Menjadi Ikhlas Menurut al-Ghazali

9,064 kali dibaca

Ikhlas adalah salah satu kata yang seringkali terselip di antara lantunan nasihat maupun pepatah, agar kita senantiasa ikhlas dan sabar dalam menjalani hidup, untuk memperoleh keberkahan hidup. Banyak yang sering mendapat nasihat untuk bersikap ikhlas. Tak sedikit pula di antara kita pernah berberucap “saya telah ikhlas atas apa yang terjadi”. Namun pada kenyatannnya tidak begitu, hal tersebut acap kali menjadi sebuah angin lalu.

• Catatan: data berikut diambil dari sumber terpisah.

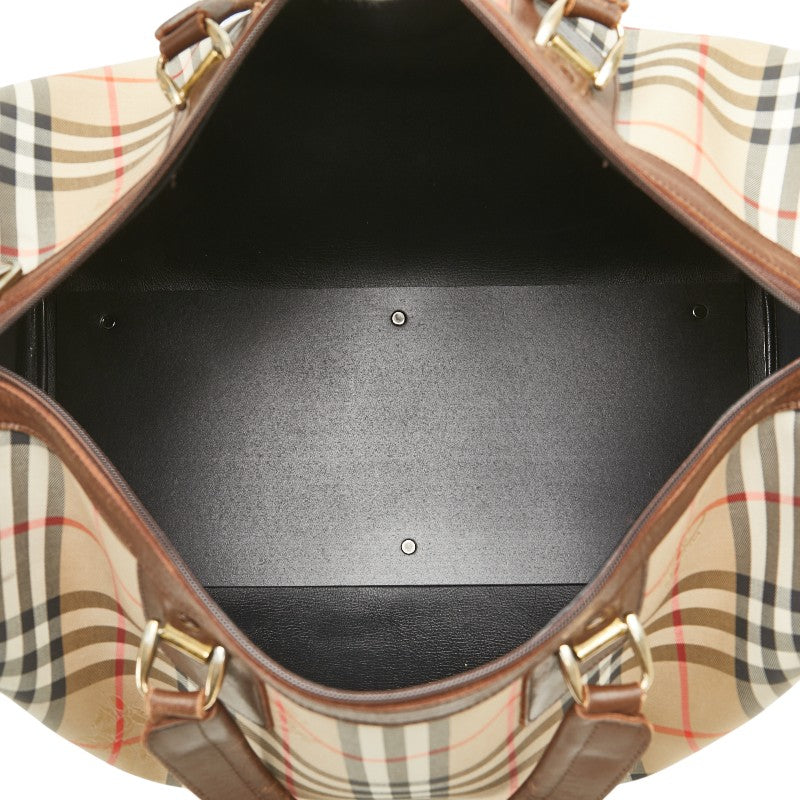 バーバリー ノバチェック シャドーホース ボストンバッグ ベージュ マルチカラー キャンバス レディース BURBERRY 【中古】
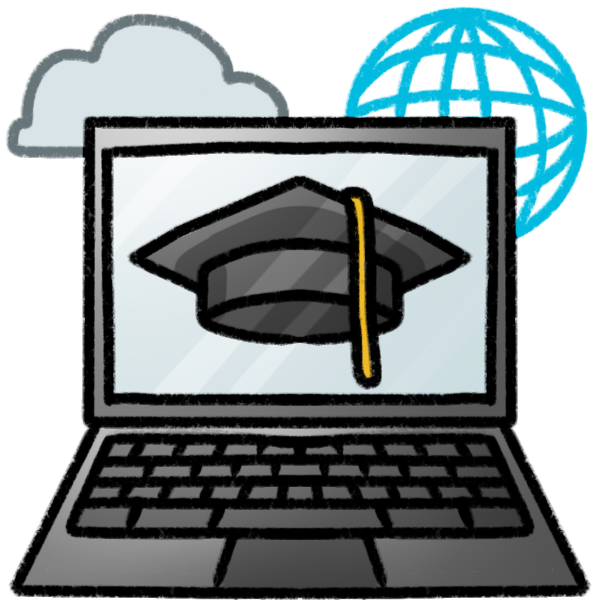 a black laptop displaying a picture of a graduation cap. Behind it are a cloud and a graphed globe, to symbolize the internet.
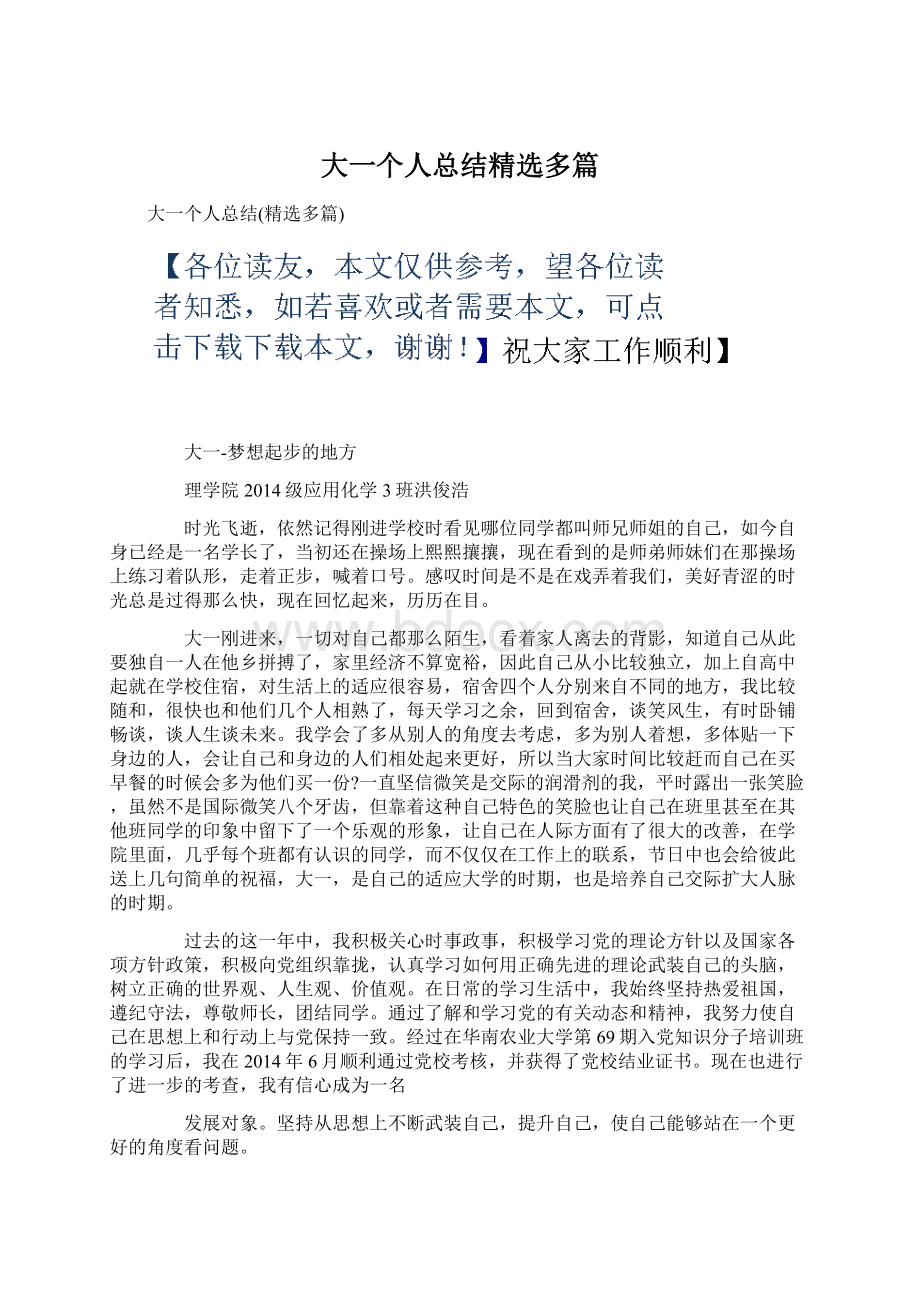 大一个人总结精选多篇Word下载.docx_第1页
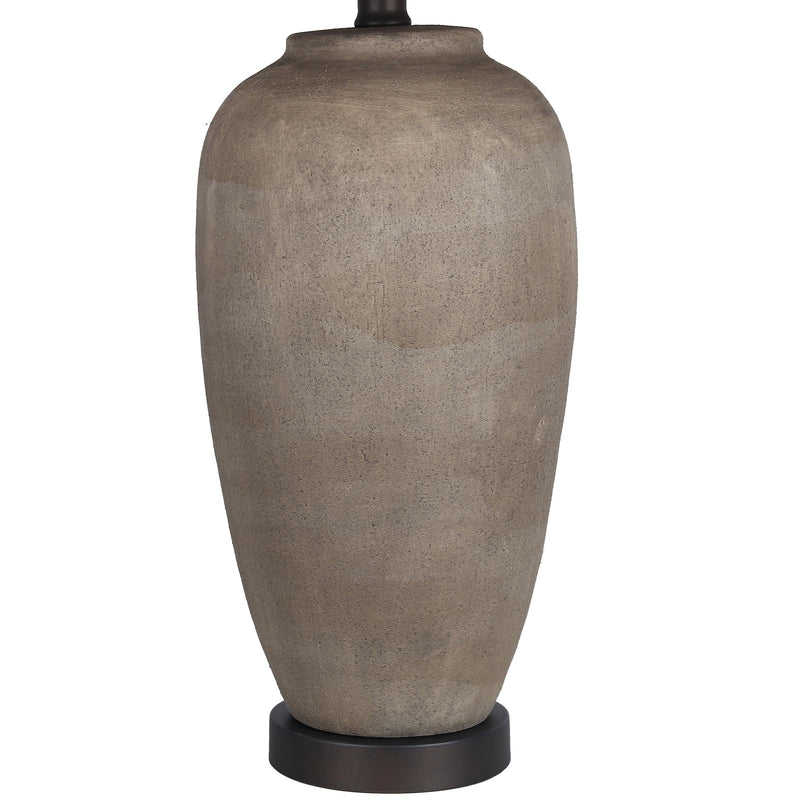 Classy Living Earthen Elegance 28in Ceramic Table Lamp Set of 2 | Rustic Earthen and Oil Bronze with Taupe Linen Shade | Bedroom | Model ECL1896B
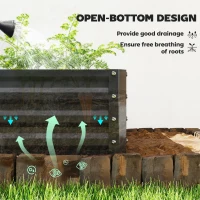 Outsunny Raised Garden Bed Galvanized Steel Planter Box for Vegetables, Flowers, Herbs, Black(m-6)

Mengapa begitu? Karena, pada kenyataanya apa yang terucap dengan apa terlihat berbeda. Ikhlas akhirnya menjadi yang amat gampang untuk diucapkan, namun sulit untuk dilakukan.

Advertisements

Apa sebenarnya hakikat ikhlas ini? Kita akan meninjau perkara ikhlas ini sebagaimana yang dirumuskan oleh Imam al-Ghazali, ulama besar ini yang dikagumi oleh para ulama dan kaum muslimin karena keilmuannya.

Selama hidupnya, ulama besar bernama Abu Hamid Muhammad bin Muhammad At-Thusi ini dikenal sebagai seorang ahli teologi atau kalam dan seorang filosof besar. Ia juga terkenal sebagai seorang ulama fikih dan tasawuf pada zamannya. Karya besarnya adalah kitab Ihya Ulumuddin. Karena keilmuannya, al-Ghazali mendapat gelar hujjatul islam, yang artinya bukti kebenaran.

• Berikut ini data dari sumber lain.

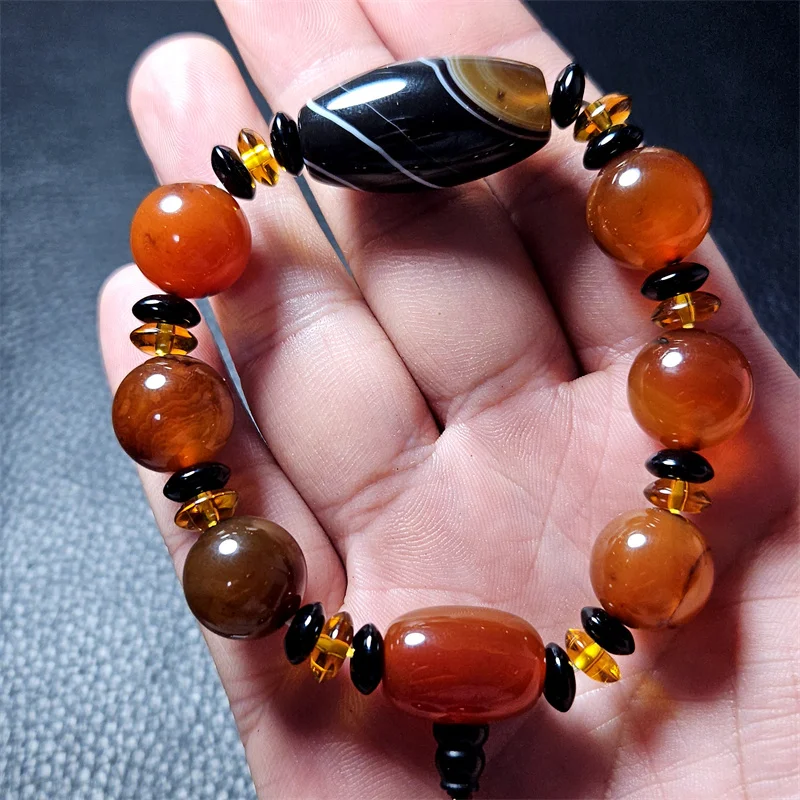 

Natural red agate bracelet Black Sky Beads Energy Crystal Healing Christmas gift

Menurut Imam al-Ghazali, ikhlas dapat berarti sebuah maksud yang hanya menjadikan Allah sebagai satu-satunya sesembahan dengan tujuan taqqorub kepada-Nya, serta mengesampingkan hal-hal selain Allah, baik berupa penghormatan, pujian, atau pun pandangan baik dari orang lain terhadap dirinya. Bahkan, menurut pandangannya, ikhlas dapat dikatakan sebagai kemurnian,  menyucikan amal-amal perbuatan dari campur tangan makhluk lain.

Keikhlasan sangatlah penting dan dapat berpengaruh pada aspek fisik dan psikis, karena ikhlas merupakan niatan yang murni untuk awal seseorang melakukan sesuatu hal yang akan menunjukkan ke mana arah amalan yang akan dilakukan; melibatkan tujuan akhirat atau hanya untuk tujuan duniawi semata.

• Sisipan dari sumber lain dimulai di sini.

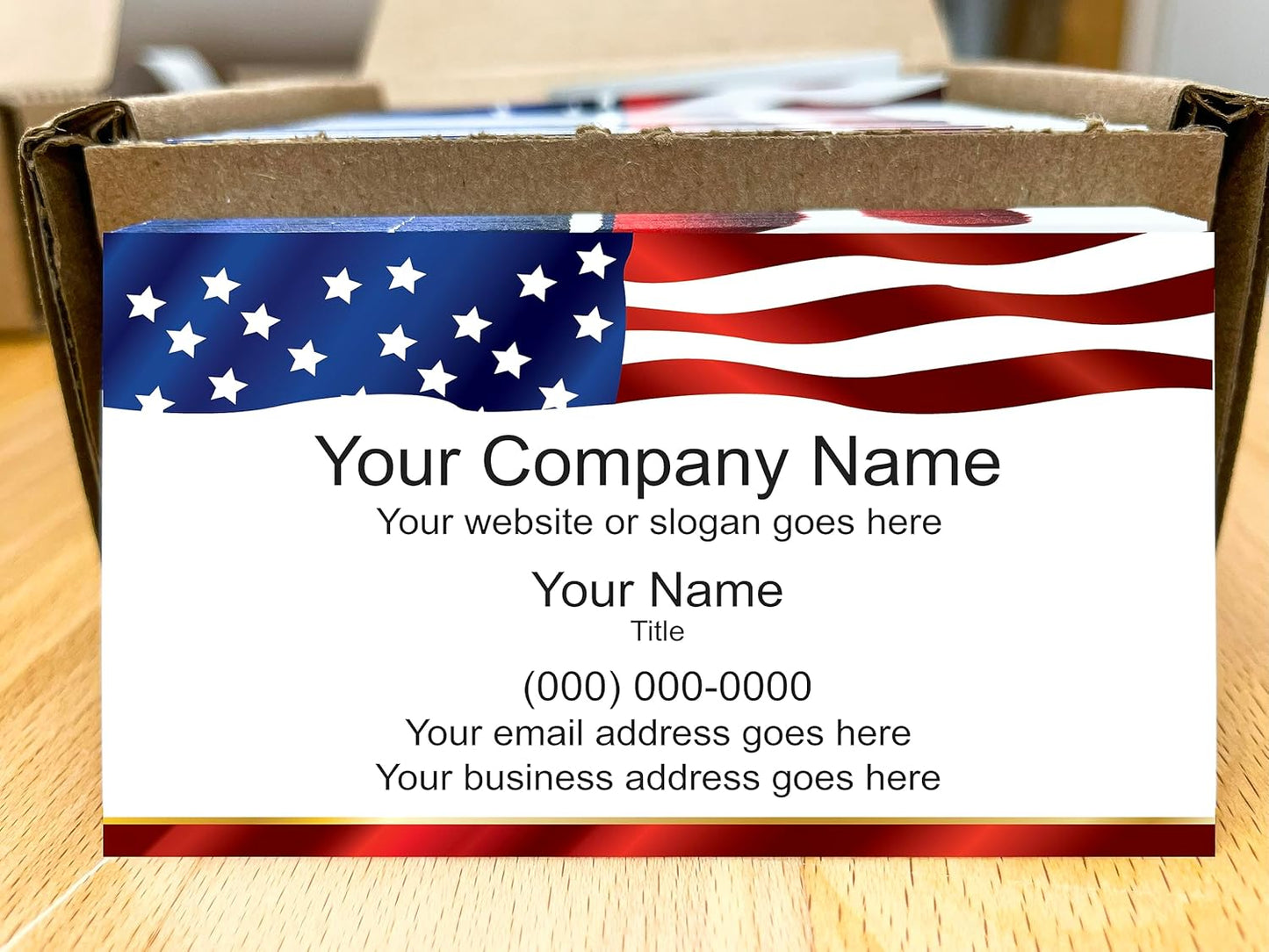IMPACTONLINEPRINTING, Business Cards 100pcs - Thick Smooth16Pt Paper(350gsm), Us Flag-2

Nabi Muhammad pernah ditanya mengenai ikhlas, dan kemudian Nabi bersabda yang artinya:

Aku bertanya kepada Jibril AS tentang ikhlas, apakah ikhlas itu? Lalu Jibril berkata, “Aku bertanya kepada Tuhan yang Maha Suci tentang ikhlas, apakah sebenarnya?” Allah Subhanahu Wa Ta’ala menjawab, “Suatu rahasia dari rahasia-Ku yang aku tempatkan di hati hamba-hamba-Ku yang Kucintai”. (HR. Al-Qazwini, riwayat dari Hudzaifah).

Kemudian, dari Ummah ra mengatakan, bahwa telah datang seorang laki-laki kepada Rasulullah dan kemudian bertanya, “Apakah pendapat Tuan tentang seseorang yang berperang dengan tujuan mencari pahala dan popularitas diri, dan kelak apa yang akan dia peroleh?” Kemudian Rasulullah Shallallahu ‘Alaihi Wasallam menjawab, “Dia tidak mendapatkan apa-apa!” Pertanyaan yang sama diulang sebanyak tiga kali, namun jawaban Rasulullah Shallallahu ‘Alaihi Wasallam tetap sama, “Dia tidak menerima apa-apa!” Lalu Nabi bersabda yang artinya; Sesungguhnya Allah tidak menerima suatu amal perbuatan, kecuali yang murni dan hanya mengharap rida dari Allah.” (HR. Abu Daud dan Nasa’i).

Dengan demikian, hakikat ikhlas adalah mendekatkan diri kepada Allah dari segala bentuk ketidakmurnian. Maksud ketidakmurniaan adalah segala niatan yang tidak ditujukan kepada Allah, semisal niat karena ingin dipuji orang lain, atau niat ingin mendapatkan jabatan yang lebih tinggi. Seseorang, jika ia meniatkan segala sesuatu dengan hanya satu niat selain Allah, maka bisa disebut ikhlas tetapi bukan ikhlas karena Allah taala semata.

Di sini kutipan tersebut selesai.